Today I Learned

April 15th

Today I learned Sierpinski's proof that all measurable solutions to Cauchy functional equation are linear, from here . The key idea is the following proposition.

Proposition. Fix $A$ and $B$ measurable sets of nonzero measure. Then there exist $a\in A$ and $b\in B$ such that $a-b\in\QQ.$

Intuitively, this makes some sense: if $A$ and $B$ have nonzero measure, then they should have some "substance.'' In particular, $A-B$ should also have some substance and probably shouldn't be able to avoid $\QQ.$ This intuition is difficult to rigorize.

Anyways, we, without loss of generality, bound $A$ and $B.$ Additionally, for sanity, we define a good interval as an interval that is bounded, closed, and nonempty. First we control $A$ by replacing it with an actually substantive set.
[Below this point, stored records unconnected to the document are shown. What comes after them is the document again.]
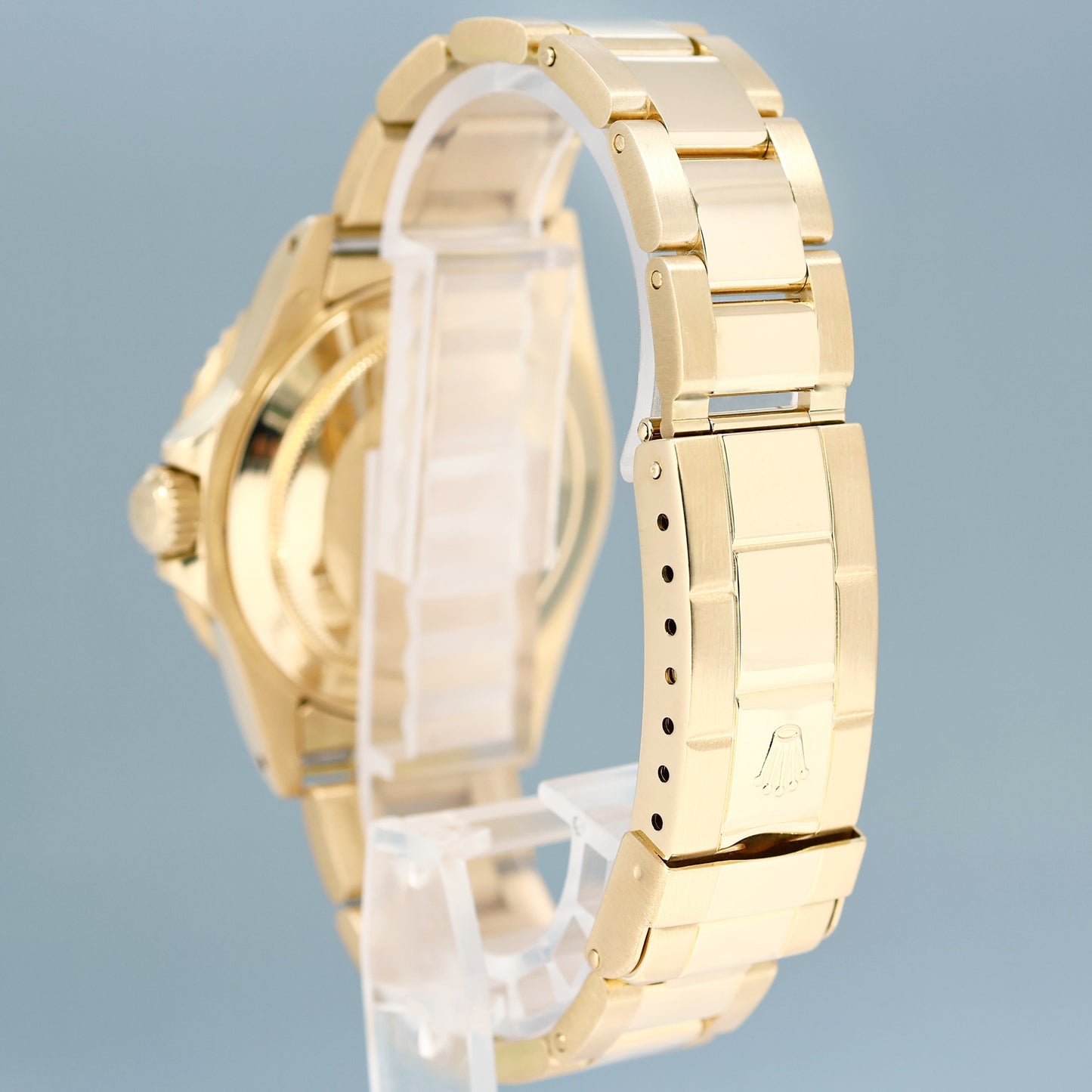 Rolex 16618 Submariner Yellow Gold Blue Champagne Serti Diamond 40mm Watch Box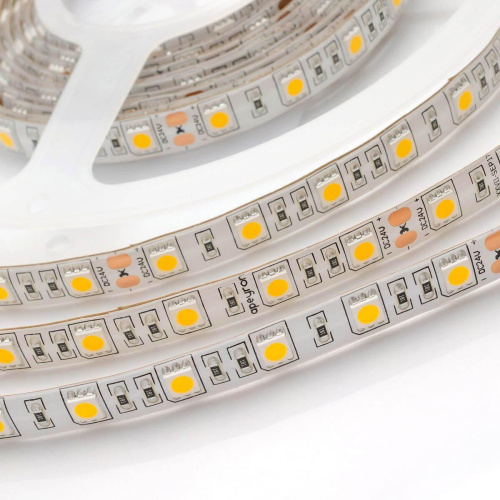 Светодиодная влагозащищенная лента Apeyron 14,4W/m 60Led/m 5050SMD дневной белый 5M 00-319 Светодиодная влагозащищенная лента Apeyron 14,4W/m 60Led/m 5050SMD дневной белый 5M 00-319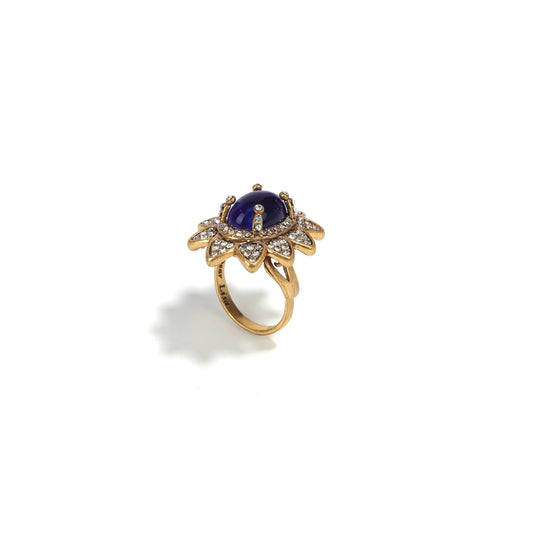 Siete Wonder - Blue Crystal Flower Ring
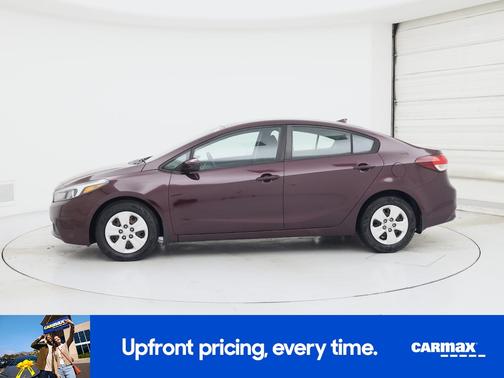 Burgundy 2018 Kia Forte LX
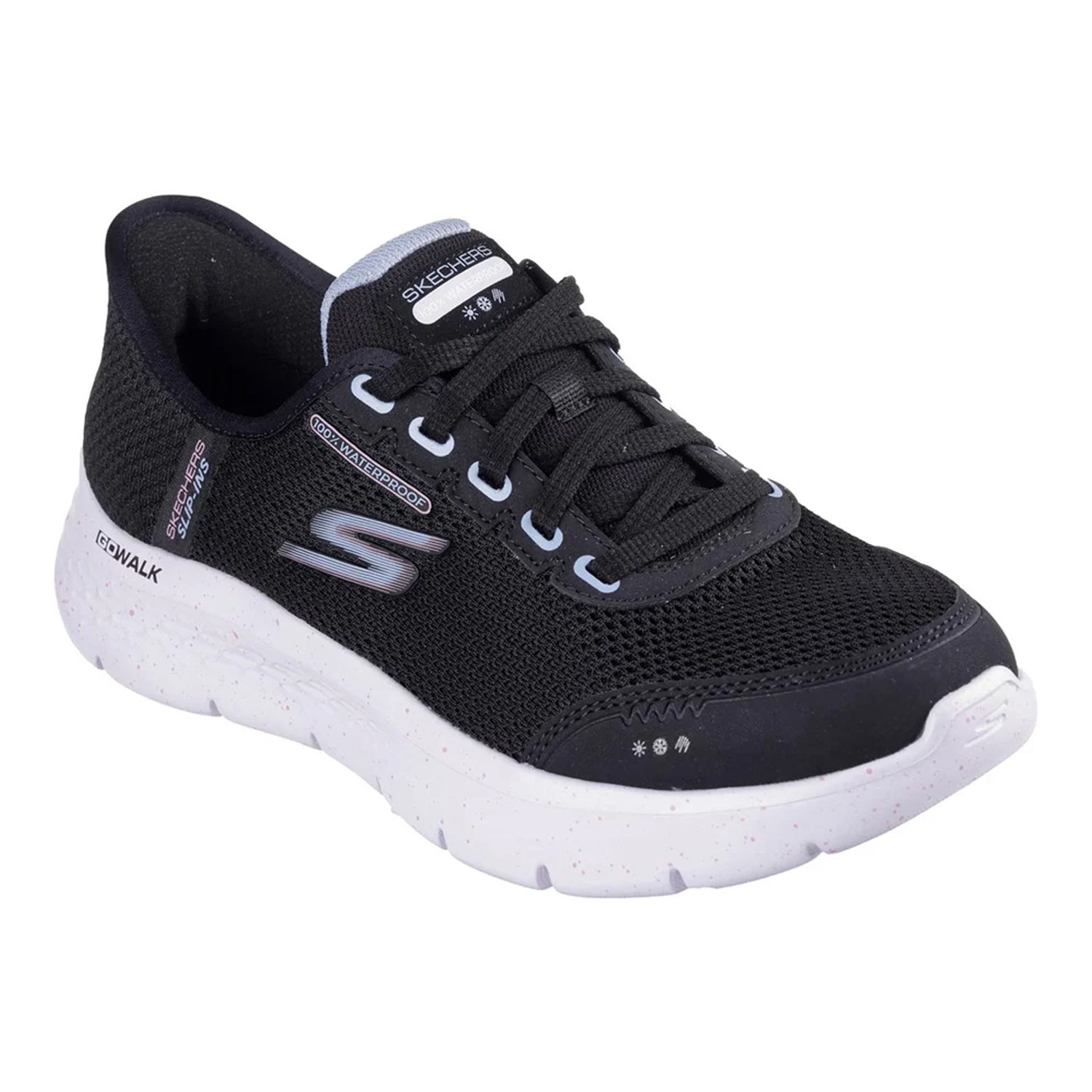 Black-Mauve - Front - Skechers Womens-Ladies Go Walk Flex Clear Creek Trainers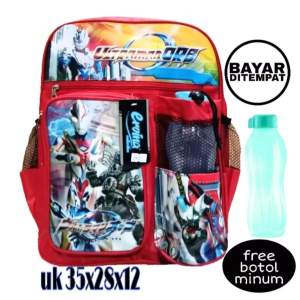 TAS RANSEL ANAK SD & TK ULTRAMAN BERHADIAH BOTOL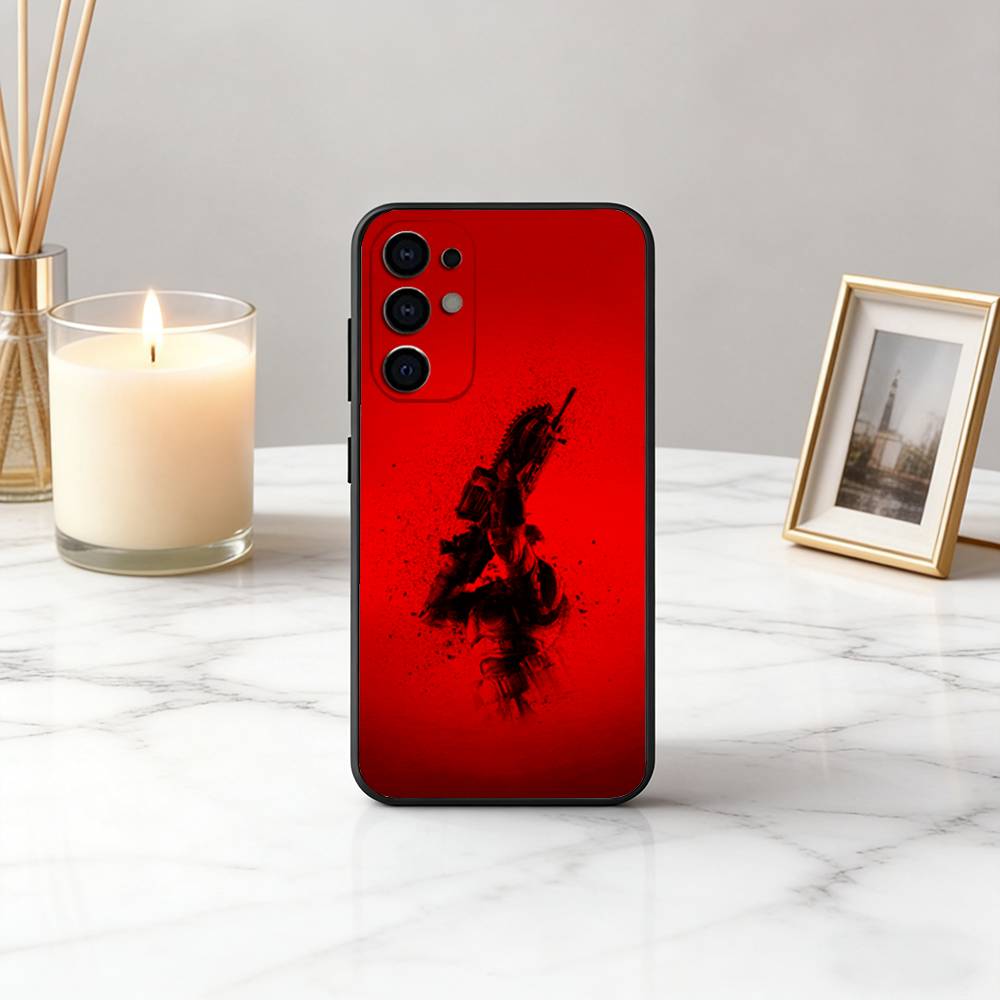 Чехол для телефона G-Gears Of W-War-es для Samsung S25, S24, S21, S22, S23, S30, Ultra, S20, Plus, Fe, Мягкий силиконовый черный чехол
Lemma. Fix measurable $A$ of nonzero, finite measure. Given (small) $\varepsilon,\ell \gt 0,$ we can find a good interval $I$ such that $\mu(I) \lt \ell$ and \[\mu(A\cap I) \gt \frac{\mu(A)}{\mu(A)+\varepsilon}\mu(I).\]

Essentially, this is saying that we can place an interval around some part of $A$ that is almost entirely inside $A.$ The factor $\frac{\mu(A)}{\mu(A)+\varepsilon}$ should be thought of as $1-\delta$ for small $\delta,$ but $\frac{\mu(A)}{\mu(A)+\varepsilon}$ is what comes out of the proof. The bound $\mu(I) \lt \ell$ is something we will need later.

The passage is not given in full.